Writes Antony P. Mueller, an adjunct scholar at the Mises Institute:
Bernanke's challenge resembles the task at which the Gosplan of the Soviet Union failed. In most of the so-called "capitalist economies," modern central banks are supposed to accomplish a similar task: to make the economy and employment grow, to finance wars and fight depressions, to supervise and regulate financial markets, and all along to guarantee "price stability." In order to grapple with such a superhuman challenge, the Fed staff make up one model after another, only to have them each be immediately falsified by new data. As a consequence of this confusion, each erroneous policy measure is followed by the next.

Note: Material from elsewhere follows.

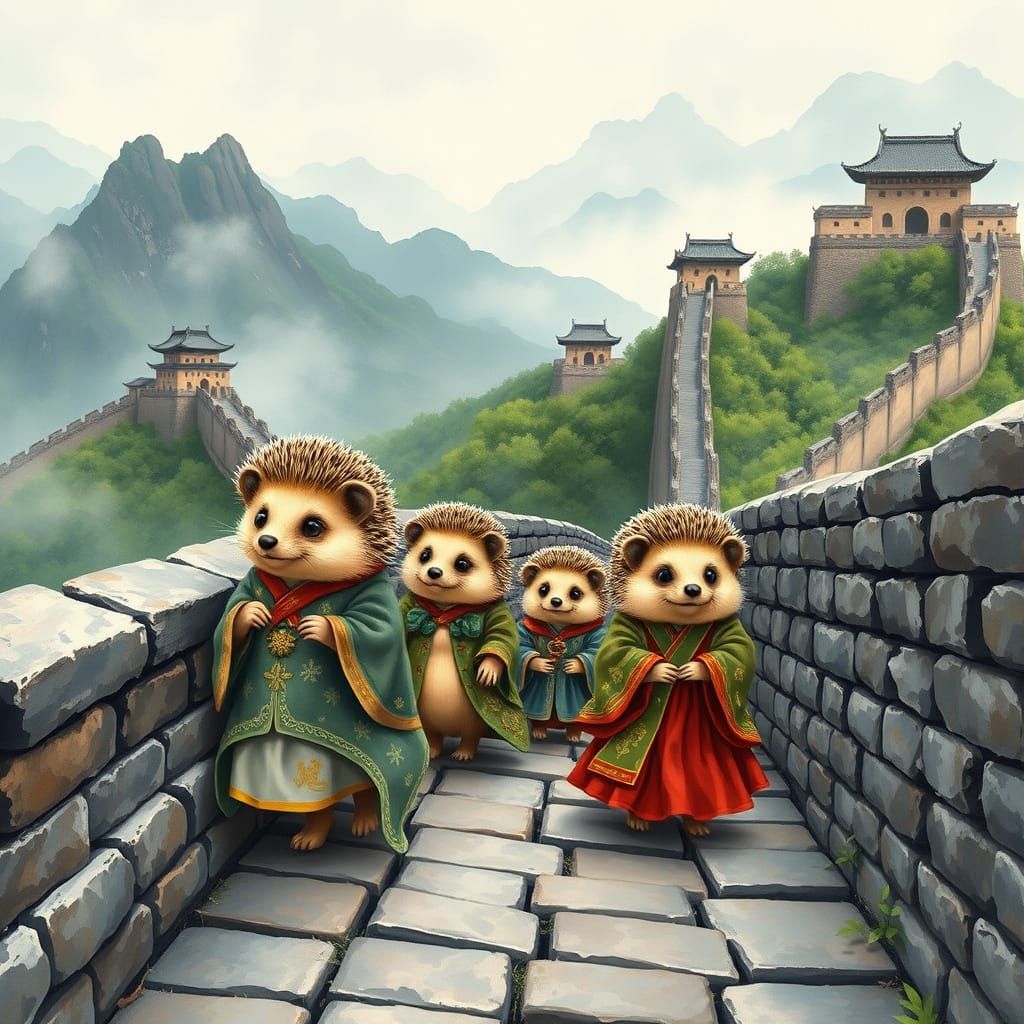 Hedgehog family on the great wall of china  by @Pukinette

Ben Bernanke is too much of a good guy to practice the art of deceit in the cynical way that is necessary for deception to work on a grand scale. His predecessor at the helm of the US central bank, Alan Greenspan, at least knew that central banking is not a science but a kind of show business whose very nature is the pretence of knowledge.

There is no solution to Bernanke's manifold dilemmas other than to end the Fed. Economies are too complex to be handled by a central authority. This lesson was learnt by the central planners of the socialist economies at a high price.

We do not need new monetary process models, more statistics, or better scenarios. All of these are in ample supply. We do not need a more competent chairman. By conventional measures, few are better qualified for the job than Bernanke. What we need is something else: the establishment of a different kind of monetary system, one that uses competitive markets in the area of money and banking, and that eliminates the currency monopoly of the state.
The central bank's pretense of knowledge is obvious, given its manifest failure to meet its stated goals. What isn't always obvious is how much the state benefits with every run of the printing press. Politicians will keep the pretense alive until the chandeliers fall on their heads. At that point they will once again blame the free market and start over again.

Though I like Mueller's article, I'm not as generous as he is in attributing innocence to Bernanke's motives. As Mueller points out, Bernanke is one of the brightest academics around. It would be naive to believe such a person could be fooled by so crude a thesis as Friedman's monetarist explanation of the Great Depression.